Observation by Bigger Bench:

  • The power of judicial review is a basic and essential feature of the Constitution and therefore the Jurisdiction given on High Courts under Articles 226 and 227 and on the Supreme Court under Article 32 of the Constitution is a part of the basic structure of the Constitution.
  • For securing independence of judiciary, the judges of Superior Courts are entrusted with the power of judicial review. Though the Parliament is empowered to amend the Constitution, the power of Amendment can not be exercised so as to damage the essential feature of the Constitution or to destroy it’s basic structure.
  • The High Courts and the Supreme Court are entrusted with the task of upholding the Constitution (i.e., furthering the ends of the Constitution) and with a view to achieving that end, they need to interpret the Constitution.

Verdict of the Court:

  • The Court held that Section 28 of the Administrative Tribunals Act, 1985 and the “exclusion of Jurisdiction” clauses in all other Legislations enacted under the aegis of Article 323A and 323B would, to the extend that they exclude the jurisdiction of the High Courts ( under Articles 226 and 227) and the Supreme Court ( under Article 32) would be ultra bored the Constitution
  • The Court held that there was no constitutional prohibition against administrative tribunals in playing a supplemental as opposed to a substitutional role; that is in exercising their powers such tribunals cannot act as substitutes for High Courts and the Supreme Court.

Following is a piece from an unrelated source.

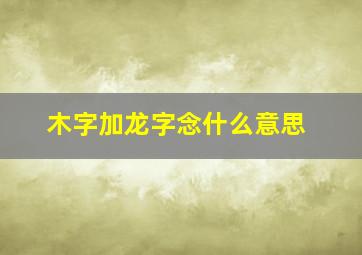 木字加龙字念什么意思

Their decision are going to be subject to scrutiny by a Division Bench of the concerned High Courts i.e., all decisions of these Tribunals ( tribunals created under Articles 323A and 323B of the Constitution of India) are going to be subject to scrutiny before a Division Bench of the High Court within whose Jurisdiction the involved tribunal falls.
  • Lastly, the court upheld Section 5(6) of the Administrative Tribunals Act, 1985 as valid and constitutional and held that Section 5(2) and 5(6) of the Act should operate along  and should be harmoniously construed i.e wherever a matter involving the interpretation of a statutory provision or rule in relation to the Constitution arises for consideration of a Single Member Bench of the Administrative Tribunal, the proviso of Section 5(6) can mechanically apply and the Chairman or the Member involved shall refer the matter to a Bench consisting of minimum of two members, one of whom must be a judicial member.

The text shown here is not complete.